/aws

Bringing it back... the Webalizer

Recently I needed to produce some simple stats for a CloudFront distribution. After doing some research I found that CloudFront access logs use the W3C extended format and that many tools can read and summarise them.

Among those tools is the Webalizer which was very common back in the day when I first started building websites. This tool is great, free and fast - it also supports the W3C extended format.

Here's the solution I built...

I also decided to give the new AWS Public Container Registry a try as well.

Overview

Before we start - you can see the code for the solution here: https://github.com/richardjkendall/cf-stats.

The solution is quite simple:

  • A container image containing the Apache httpd server along with the Webalizer software and other dependencies
  • A script which downloads the logs from S3 based on a set of filter criteria (date fragments)
  • A Lambda function + CloudWatch trigger which reloads the container every 6 hours

When the container starts it runs the script which downloads the logs from S3 and runs the Webalizer to create the stats.
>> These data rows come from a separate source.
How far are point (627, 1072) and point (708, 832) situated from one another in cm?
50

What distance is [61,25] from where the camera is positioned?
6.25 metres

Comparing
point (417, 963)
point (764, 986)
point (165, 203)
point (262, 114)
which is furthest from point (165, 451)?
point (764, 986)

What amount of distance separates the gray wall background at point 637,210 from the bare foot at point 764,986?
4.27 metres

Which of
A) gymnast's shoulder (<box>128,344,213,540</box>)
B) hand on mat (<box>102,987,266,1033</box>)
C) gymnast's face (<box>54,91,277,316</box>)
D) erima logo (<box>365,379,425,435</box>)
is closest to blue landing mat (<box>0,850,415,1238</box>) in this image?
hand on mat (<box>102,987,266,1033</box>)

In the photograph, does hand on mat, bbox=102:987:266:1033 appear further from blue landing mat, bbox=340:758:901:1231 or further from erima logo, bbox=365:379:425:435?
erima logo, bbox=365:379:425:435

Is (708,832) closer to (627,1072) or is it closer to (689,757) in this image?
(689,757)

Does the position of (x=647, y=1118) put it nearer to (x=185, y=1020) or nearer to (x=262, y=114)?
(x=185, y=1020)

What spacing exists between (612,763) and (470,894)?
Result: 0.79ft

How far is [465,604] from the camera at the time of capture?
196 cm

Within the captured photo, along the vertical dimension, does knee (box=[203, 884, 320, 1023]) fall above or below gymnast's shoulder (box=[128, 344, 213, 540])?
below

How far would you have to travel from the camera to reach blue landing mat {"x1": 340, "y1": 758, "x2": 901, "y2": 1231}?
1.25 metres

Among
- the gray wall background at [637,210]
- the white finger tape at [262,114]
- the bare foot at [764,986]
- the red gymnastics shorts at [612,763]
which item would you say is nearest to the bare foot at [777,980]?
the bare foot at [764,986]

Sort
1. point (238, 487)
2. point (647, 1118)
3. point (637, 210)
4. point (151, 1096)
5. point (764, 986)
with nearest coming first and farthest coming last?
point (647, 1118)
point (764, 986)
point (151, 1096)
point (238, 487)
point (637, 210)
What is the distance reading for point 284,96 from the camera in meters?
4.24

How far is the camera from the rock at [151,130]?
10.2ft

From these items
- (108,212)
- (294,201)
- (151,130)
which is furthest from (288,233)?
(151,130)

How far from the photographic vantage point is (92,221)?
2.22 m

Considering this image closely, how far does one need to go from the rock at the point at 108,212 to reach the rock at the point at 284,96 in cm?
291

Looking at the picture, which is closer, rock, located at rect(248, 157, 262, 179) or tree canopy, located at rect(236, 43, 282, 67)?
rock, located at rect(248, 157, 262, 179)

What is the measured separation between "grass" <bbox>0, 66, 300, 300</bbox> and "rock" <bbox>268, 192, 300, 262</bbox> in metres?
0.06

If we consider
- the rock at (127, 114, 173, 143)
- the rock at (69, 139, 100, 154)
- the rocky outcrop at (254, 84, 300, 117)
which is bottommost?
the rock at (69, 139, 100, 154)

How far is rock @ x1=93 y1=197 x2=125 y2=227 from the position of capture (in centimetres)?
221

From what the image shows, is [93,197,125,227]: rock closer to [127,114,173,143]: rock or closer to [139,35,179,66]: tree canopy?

The stats HTML files are made available at the root of the webserver which is installed on the container as well.

Protecting it

There is no configuration on the webserver to authenticate/authorise any users.

I typically like to separate security from application concerns, so I have several other components which can sit in front of the stats container and act as user-aware reverse proxies:

There is a pre-built Terraform module here https://github.com/richardjkendall/tf-modules/tree/master/modules/simple-cf-stats which deploys the stats solution behind a basic auth reverse proxy.
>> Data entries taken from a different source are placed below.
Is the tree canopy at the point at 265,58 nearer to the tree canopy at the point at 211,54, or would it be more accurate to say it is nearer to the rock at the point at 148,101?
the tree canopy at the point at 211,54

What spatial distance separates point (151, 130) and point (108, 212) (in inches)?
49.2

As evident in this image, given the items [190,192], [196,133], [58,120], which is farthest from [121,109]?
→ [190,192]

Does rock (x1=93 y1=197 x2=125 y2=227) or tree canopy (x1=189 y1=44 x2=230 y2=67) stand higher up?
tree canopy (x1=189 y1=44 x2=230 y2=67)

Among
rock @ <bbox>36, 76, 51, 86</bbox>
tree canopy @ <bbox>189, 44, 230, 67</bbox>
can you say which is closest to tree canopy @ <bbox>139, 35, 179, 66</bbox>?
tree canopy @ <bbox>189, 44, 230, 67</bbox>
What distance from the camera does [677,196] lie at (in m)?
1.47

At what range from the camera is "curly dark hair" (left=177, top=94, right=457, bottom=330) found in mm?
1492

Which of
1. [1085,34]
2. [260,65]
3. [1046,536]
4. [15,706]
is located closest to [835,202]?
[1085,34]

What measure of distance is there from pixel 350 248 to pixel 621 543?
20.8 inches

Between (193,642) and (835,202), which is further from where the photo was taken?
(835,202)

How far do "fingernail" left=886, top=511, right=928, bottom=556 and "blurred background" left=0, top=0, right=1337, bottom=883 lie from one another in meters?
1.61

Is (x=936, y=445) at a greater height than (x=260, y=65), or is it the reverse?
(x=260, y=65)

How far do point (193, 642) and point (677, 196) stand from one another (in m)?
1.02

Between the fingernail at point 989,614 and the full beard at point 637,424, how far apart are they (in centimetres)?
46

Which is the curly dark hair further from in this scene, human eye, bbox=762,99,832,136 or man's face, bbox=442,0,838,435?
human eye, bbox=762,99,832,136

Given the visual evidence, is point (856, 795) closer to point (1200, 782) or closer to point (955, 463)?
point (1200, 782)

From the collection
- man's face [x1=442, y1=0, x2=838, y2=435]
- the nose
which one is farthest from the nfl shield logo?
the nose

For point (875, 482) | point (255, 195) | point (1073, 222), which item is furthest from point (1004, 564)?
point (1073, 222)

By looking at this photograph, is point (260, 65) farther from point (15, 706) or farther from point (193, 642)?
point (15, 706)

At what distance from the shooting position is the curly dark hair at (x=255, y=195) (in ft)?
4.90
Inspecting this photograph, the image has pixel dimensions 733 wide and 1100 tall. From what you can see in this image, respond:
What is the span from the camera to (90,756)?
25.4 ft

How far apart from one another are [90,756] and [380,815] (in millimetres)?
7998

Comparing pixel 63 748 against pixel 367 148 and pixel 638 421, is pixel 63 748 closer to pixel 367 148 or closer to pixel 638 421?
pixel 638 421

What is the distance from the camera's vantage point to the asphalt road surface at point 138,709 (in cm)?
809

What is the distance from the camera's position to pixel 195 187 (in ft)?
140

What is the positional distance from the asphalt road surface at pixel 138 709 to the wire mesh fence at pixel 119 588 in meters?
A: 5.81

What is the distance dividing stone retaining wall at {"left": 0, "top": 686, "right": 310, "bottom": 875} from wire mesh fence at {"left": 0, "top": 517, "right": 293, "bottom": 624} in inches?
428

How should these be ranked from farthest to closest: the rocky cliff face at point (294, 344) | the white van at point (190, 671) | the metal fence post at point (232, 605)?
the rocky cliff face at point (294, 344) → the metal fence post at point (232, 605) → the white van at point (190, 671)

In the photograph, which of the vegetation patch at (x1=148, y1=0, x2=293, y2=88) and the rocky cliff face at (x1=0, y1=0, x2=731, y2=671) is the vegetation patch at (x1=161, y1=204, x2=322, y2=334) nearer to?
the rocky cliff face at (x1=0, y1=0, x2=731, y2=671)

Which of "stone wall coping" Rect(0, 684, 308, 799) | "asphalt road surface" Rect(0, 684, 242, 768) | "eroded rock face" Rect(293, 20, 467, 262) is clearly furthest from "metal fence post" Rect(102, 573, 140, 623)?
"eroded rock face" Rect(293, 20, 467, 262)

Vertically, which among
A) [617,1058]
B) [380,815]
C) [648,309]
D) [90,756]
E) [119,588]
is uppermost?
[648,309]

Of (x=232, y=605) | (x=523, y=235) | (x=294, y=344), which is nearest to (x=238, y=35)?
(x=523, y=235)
Using the AWS Public Container Registry

With the new limits that Docker has announced on pull rates I decided to give the new AWS ECR Public Container Registry a try.

I use GitHub actions to build most of my container images. Pushing to the new ECR Public repositories is quite easy, although there are a few tricks to the login. Here's an excerpt from my workflow yml file:

      - name: Get ECR password
        id: ecr_login
        run: |
          ECR_PASSWORD="$(docker run -i --rm -e AWS_ACCESS_KEY_ID -e AWS_SECRET_ACCESS_KEY -e AWS_REGION amazon/aws-cli ecr-public get-login-password)"
          echo "::add-mask::$ECR_PASSWORD"
          echo "::set-output name=ecr-login-password::$ECR_PASSWORD"

      - name: Login to ECR public
        run: |
          echo ${{ steps.ecr_login.outputs.ecr-login-password }} | docker login public.ecr.aws -u AWS --password-stdin

I tried using docker/login-action https://github.com/docker/login-action but it did not work with the public ECR offering for some reason.

Per the AWS documentation you need to make sure that the IAM user you use for pushes has permissions on the ecr-public:GetAuthorizationToken and sts:GetServiceBearerToken API calls.

-- Richard, Dec 2020